Start of Source material

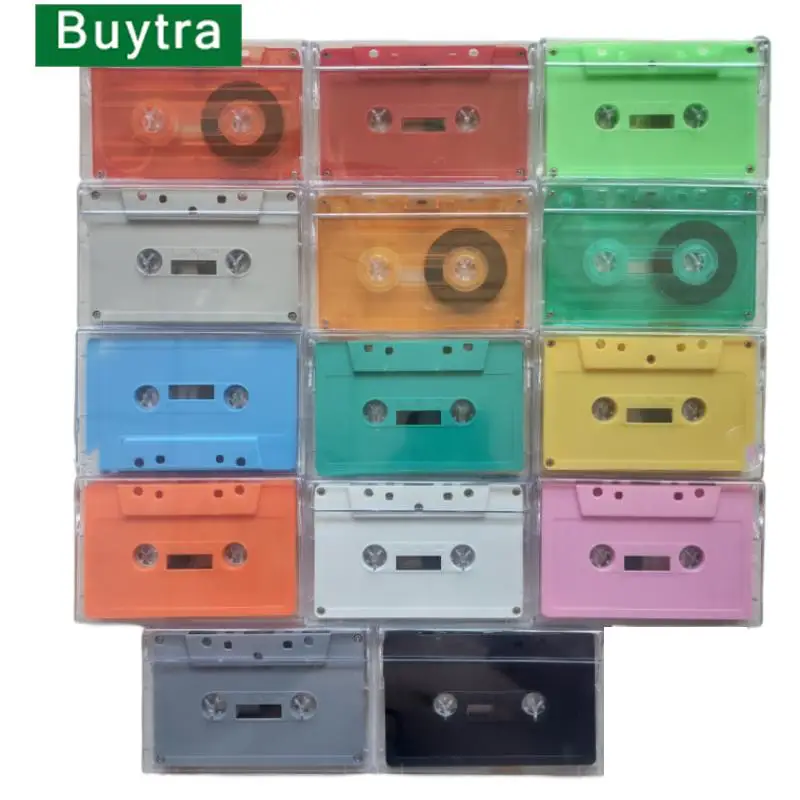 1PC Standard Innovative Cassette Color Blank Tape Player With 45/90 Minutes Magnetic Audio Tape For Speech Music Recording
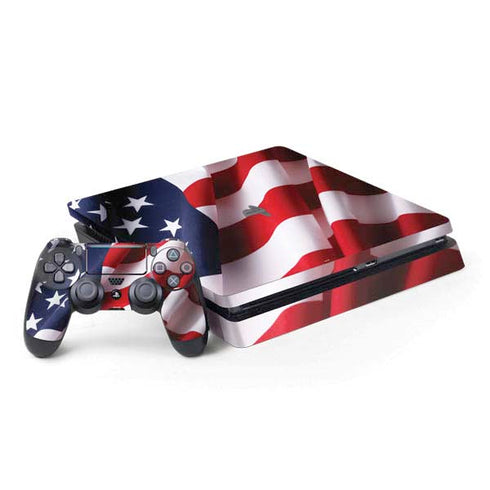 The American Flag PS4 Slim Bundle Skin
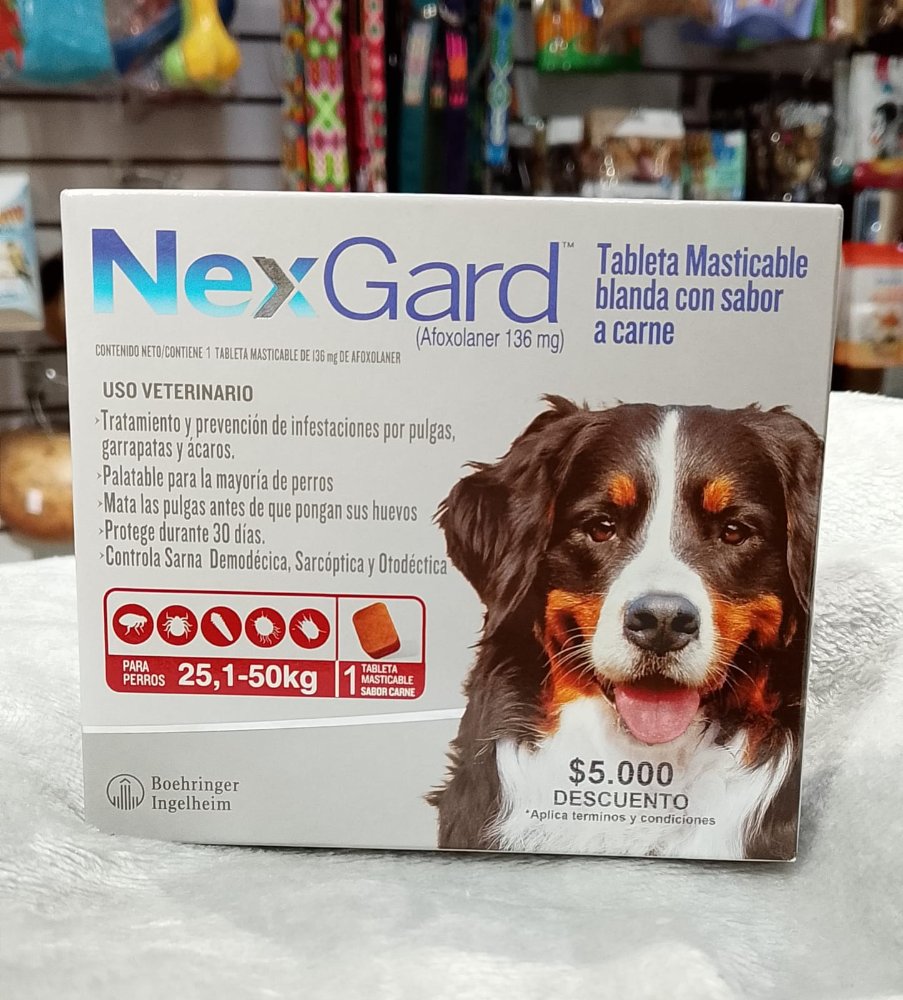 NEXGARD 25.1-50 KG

End of Source material

Exercise —
Word for word, restate the whole listing and drop the images.

Response for this exercise —
 1PC Standard Innovative Cassette Color Blank Tape Player With 45/90 Minutes Magnetic Audio Tape For Speech Music Recording
 The American Flag PS4 Slim Bundle Skin
 NEXGARD 25.1-50 KG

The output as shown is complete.